Title :
Rebound: Scalable checkpointing for coherent shared memory
Author :
Agarwal, Rishi ; Garg, Pranav ; Torrellas, Josep
Author_Institution :
Univ. of Illinois at Urbana-Champaign, Urbana, IL, USA
Abstract :
As we move to large manycores, the hardware-based global check-pointing schemes that have been proposed for small shared-memory machines do not scale. Scalability barriers include global operations, work lost to global rollback, and inefficiencies in imbalanced or I/O-intensive loads. Scalable checkpointing requires tracking inter-thread dependences and building the checkpoint and rollback operations around dynamic groups of communicating processors. To address this problem, this paper introduces Rebound, the first hardware-based scheme for coordinated local checkpointing in multi-processors with directory-based cache coherence. Rebound leverages the transactions of a directory protocol to track inter-thread dependences. In addition, it boosts checkpointing efficiency by: (i) delaying the writeback of data to safe memory at checkpoints, (ii) supporting operation with multiple checkpoints, and (iii) optimizing checkpointing at barrier synchronization. Finally, Rebound introduces distributed algorithms for checkpointing and rollback sets of processors. Simulations of parallel programs with up to 64 threads show that Rebound is scalable and has very low overhead.

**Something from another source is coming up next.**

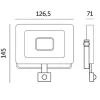 LED reflektor halogén 20W 1620lm 6500K IP65 fekete mozgásérzékelő MH Kobi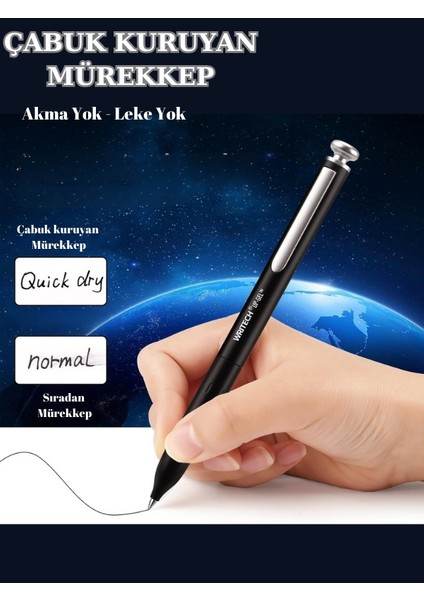 Metal Gövdeli 2'li Jel Kalem Seti - 0.7 mm Uc + 2 Yedek Mürekkep Kapsülü (Mavi Mürekkep) modelleri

For 64 processors, its average performance overhead is only 2%, compared to 15% for global checkpointing.
Keywords :
cache storage; checkpointing; microprocessor chips; parallel programming; shared memory systems; IO-intensive loads; Rebound; barrier synchronization; coherent shared memory; coordinated local checkpointing; directory-based cache coherence; hardware-based global checkpointing schemes; interthread dependences; manycores; multiple checkpoints; parallel programs; rollback operations; scalability barriers; scalable checkpointing; shared-memory machines; Checkpointing; Coherence; Hardware; Program processors; Protocols; Registers; Faults; Scalable Checkpointing; Shared-Memory Multiprocessors;
Conference_Titel :
Computer Architecture (ISCA), 2011 38th Annual International Symposium on
Conference_Location :
San Jose, CA
Print_ISBN :
978-1-4503-0472-6